I am just starting to have a look at accommodation.


----------



## louise_a (Mar 2, 2017)

I had to wait until July last year before I got in so you never know, some people will take themselves off the reserve list.


----------



## Radbourne2010 (Mar 2, 2017)

Cheers mate! 



drive4show said:



			Mark sorry to be the bearer of bad news but you won't get in I'm afraid. There will be more entries from the low boys to come pushing you even further down the list. Some people will drop out when it's time to pay but not enough to get you above the cut line  

Click to expand...


----------



## TomRogers147 (Mar 6, 2017)

I'm currently in the process of looking for transport to St Andrews for the tournament. Probably going to be the train, don't have a car available for the whole week and a long way to drive on my own anyway. Don't suppose anyone else will be getting the train? Could meet up if going on the same route.


----------



## louise_a (Mar 6, 2017)

Wrong side of the country for me Tom.

I will be driving up and my golf hating mate is coming up with me, don't know what she is going to do with herself all week, I might convert her. Have booked a B&B near where I stayed last year.
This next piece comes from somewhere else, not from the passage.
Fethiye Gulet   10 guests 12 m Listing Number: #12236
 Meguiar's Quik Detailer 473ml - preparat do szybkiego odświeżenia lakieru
Glyn the website stayinStandrews is very good , you put you requirements in and then people email you with availability, I have used them both last year and this.


----------



## Radbourne2010 (Mar 7, 2017)

Tom, if I get in I'll be driving & have a boot specially built to take three trollies & bags :thup: 
I'm based north of Bishop's Stortford so could pick you up on the way. Will let you know next week if I've made the cut 



TomRogers147 said:



			I'm currently in the process of looking for transport to St Andrews for the tournament. Probably going to be the train, don't have a car available for the whole week and a long way to drive on my own anyway. Don't suppose anyone else will be getting the train? Could meet up if going on the same route.
		
Click to expand...


----------



## TomRogers147 (Mar 7, 2017)

Radbourne2010 said:



			Tom, if I get in I'll be driving & have a boot specially built to take three trollies & bags :thup: 
I'm based north of Bishop's Stortford so could pick you up on the way. Will let you know next week if I've made the cut
		
Click to expand...

Thanks very much for the offer. Yes hopefully you get in - they've closed it for entries now so should find out where you are on the waiting list soon. Although I think you maybe a bit of the way down the list. 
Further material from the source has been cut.